The numbers of putatively functional genes and pseudogenes in different species of tetrapods are highly variable (Table 1). The numbers of IGVK and IGVL genes also vary among different evolutionary lineages. In rodents, IGVK genes are more abundant than IGVL genes. By contrast, no IGVK genes have been found in the microbat, in which IGVL genes are well represented. In the human, the IGVK and IGVL genes are present in similar numbers. The two nonplacental mammals (opossum and platypus) differ considerably in the numbers of IGVK and IGVL genes. There is only one functional IGVL gene but 24 IGVL pseudogenes in the chicken genome. In the lizard there are 19 IGVK and 38 IGVL genes. The copy numbers of IGCL, IGJL, and IGJK genes also vary somewhat from species to species. The IGCK gene, on the other hand, is present in a single copy in all species examined (Table 1).
Discussion
We have identified 21 cladistic molecular markers in IGL polypeptides that differentiate IGL genes of tetrapods into three isotypic groups. All three of these groups are present only in frog, whereas most of other tetrapod species examined have two groups (the κ and λ isotypes), but some (birds and microbats) have only one group (the λ isotype). We retain the traditional designations of the isotypic groups (κ, λ, and σ) but redefine their characterization. Instead of the original characterization of the κ and λ isotypes based on the presence or absence of serologically detectable antigenic determinants (3, 15), or of all three isotypes on the basis of overall sequence similarity (11–13, 16), we now define them by the possession of the described 21 character states. Underlying this redefinition is the congruency in the distribution of the character states in the three groups. The congruence is so high that the isotype of an unknown IGL sequence (including pseudogenes and partial sequences) can be identified by determining the character state of only one or a few markers. The distribution of isotypes in the tetrapods indicates that (i) in tetrapods two of the three IGL isotypes (κ and λ) can be traced back from mammals to amphibians, (ii) the amphibian possesses a third isotype (σ), and (iii) the κ isotype seems to have been lost in at least some birds and in the microbat. The large number of character state differences (including genomic organization) conserved from amphibians to mammals suggests an ancient divergence of the κ and λ lineages, probably preceding the splitting of the extant tetrapod lineages. Similarly, the sharing of character states in nearly equal numbers between the σ and κ as well as between σ and λ isotypes suggests ancient divergence of σ from the ancestor of the κ and/or λ. An extension of the cladistic analysis to the fishes would provide a test of these predictions.

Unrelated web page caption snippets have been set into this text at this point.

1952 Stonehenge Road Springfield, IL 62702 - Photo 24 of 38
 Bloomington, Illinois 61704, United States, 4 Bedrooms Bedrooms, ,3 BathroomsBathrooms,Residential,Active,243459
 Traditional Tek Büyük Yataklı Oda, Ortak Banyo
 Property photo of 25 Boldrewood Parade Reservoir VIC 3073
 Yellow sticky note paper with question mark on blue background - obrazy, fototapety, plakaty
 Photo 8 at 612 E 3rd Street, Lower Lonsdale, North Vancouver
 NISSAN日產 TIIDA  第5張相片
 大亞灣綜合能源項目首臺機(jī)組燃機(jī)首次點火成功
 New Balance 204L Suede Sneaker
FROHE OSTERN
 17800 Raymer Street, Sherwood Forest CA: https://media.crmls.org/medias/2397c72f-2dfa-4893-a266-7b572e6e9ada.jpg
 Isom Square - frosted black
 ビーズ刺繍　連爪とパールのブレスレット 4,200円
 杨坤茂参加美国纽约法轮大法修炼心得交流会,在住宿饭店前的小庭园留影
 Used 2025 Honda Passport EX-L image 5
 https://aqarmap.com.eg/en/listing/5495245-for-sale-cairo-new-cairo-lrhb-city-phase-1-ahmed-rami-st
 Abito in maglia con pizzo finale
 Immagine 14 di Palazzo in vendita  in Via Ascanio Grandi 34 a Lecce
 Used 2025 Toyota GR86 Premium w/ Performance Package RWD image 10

The long-term persistence of the molecular markers is contrasted by the regional instability of the IGL loci. The genomic maps of these loci reveal multiple gene rearrangements in the evolutionary process. The rearrangements have resulted in variation in the total length of the loci and the number of component genes and their orientation. Remarkably, these local rearrangements have not affected the overall organization of the loci, which can be used as one of the cladistic markers differentiating the three isotypes. Therefore, it seems that the evolution of the IGL loci (isotypes) is driven by two opposing forces, one diversifying and the other stabilizing these genomic regions. The diversifying force is easy to comprehend. Any multigenic region containing closely related genomic segments is prone to unequal crossing-over, gene duplication, deletion, inversion, and other diversifying forces (17–19). By contrast, the nature and mechanism of the stabilizing force is much less obvious. Probably the cause is not the same for the different markers of the IGL loci and proteins. For example, the structure of RSSs is dictated by the nature of the recombination mechanism, which requires an interaction between the RSS elements flanking the IGLV and IGLJ genes: one must have the heptamer-12-bp spacer–nonamer and the other the nonamer-23-bp spacer–heptamer structure and the orientation to be functional.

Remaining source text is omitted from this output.